Copy out the data word for word, without any of its pictures.

Dataset section =
========

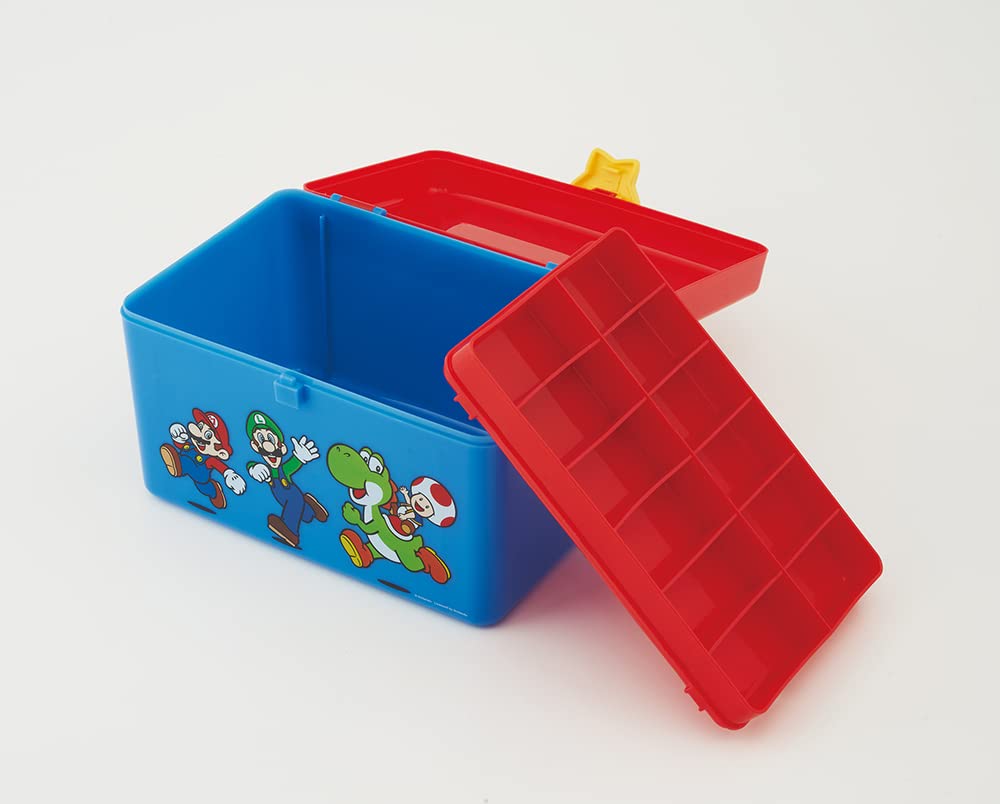 Skater Handle Storage Box Super Mario Bo5-A- Japan Figure Store - #1 Bring To You The Best Japanese Goods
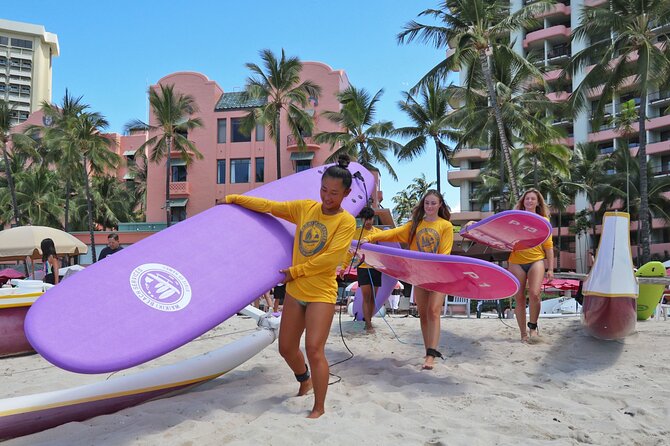 Private Group Surf Duo by Waikiki Beachboys at the Royal - Overview of the Experience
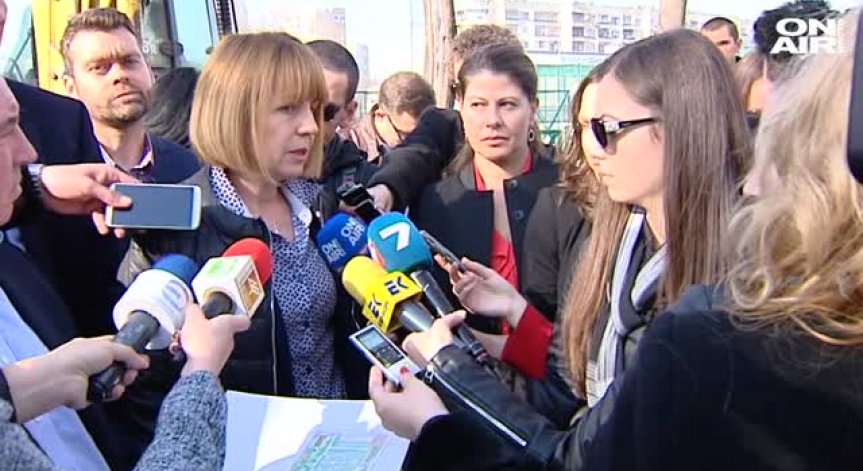 Столичният парк Възраждане - готов през април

========

Output of the exercise =
 Skater Handle Storage Box Super Mario Bo5-A- Japan Figure Store - #1 Bring To You The Best Japanese Goods
 Private Group Surf Duo by Waikiki Beachboys at the Royal - Overview of the Experience
 Столичният парк Възраждане - готов през април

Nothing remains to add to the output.